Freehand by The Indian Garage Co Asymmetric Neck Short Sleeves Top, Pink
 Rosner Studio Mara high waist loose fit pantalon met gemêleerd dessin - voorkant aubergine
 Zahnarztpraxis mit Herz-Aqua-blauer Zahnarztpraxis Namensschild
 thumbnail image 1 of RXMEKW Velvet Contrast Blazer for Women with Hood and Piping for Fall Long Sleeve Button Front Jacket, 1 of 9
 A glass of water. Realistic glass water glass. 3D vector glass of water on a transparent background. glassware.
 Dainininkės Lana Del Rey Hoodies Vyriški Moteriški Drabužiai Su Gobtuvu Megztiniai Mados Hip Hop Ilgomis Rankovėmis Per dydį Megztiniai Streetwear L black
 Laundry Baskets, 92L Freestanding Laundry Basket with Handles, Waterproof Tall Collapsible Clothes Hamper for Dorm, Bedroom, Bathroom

> **ABOUT THIS EXERCISE**
Lines holding the word "with" in the entries above are the ones to pull out. Copy them all.

> **EXERCISE RESULT**
 thumbnail image 1 of RXMEKW Velvet Contrast Blazer for Women with Hood and Piping for Fall Long Sleeve Button Front Jacket, 1 of 9
 Laundry Baskets, 92L Freestanding Laundry Basket with Handles, Waterproof Tall Collapsible Clothes Hamper for Dorm, Bedroom, Bathroom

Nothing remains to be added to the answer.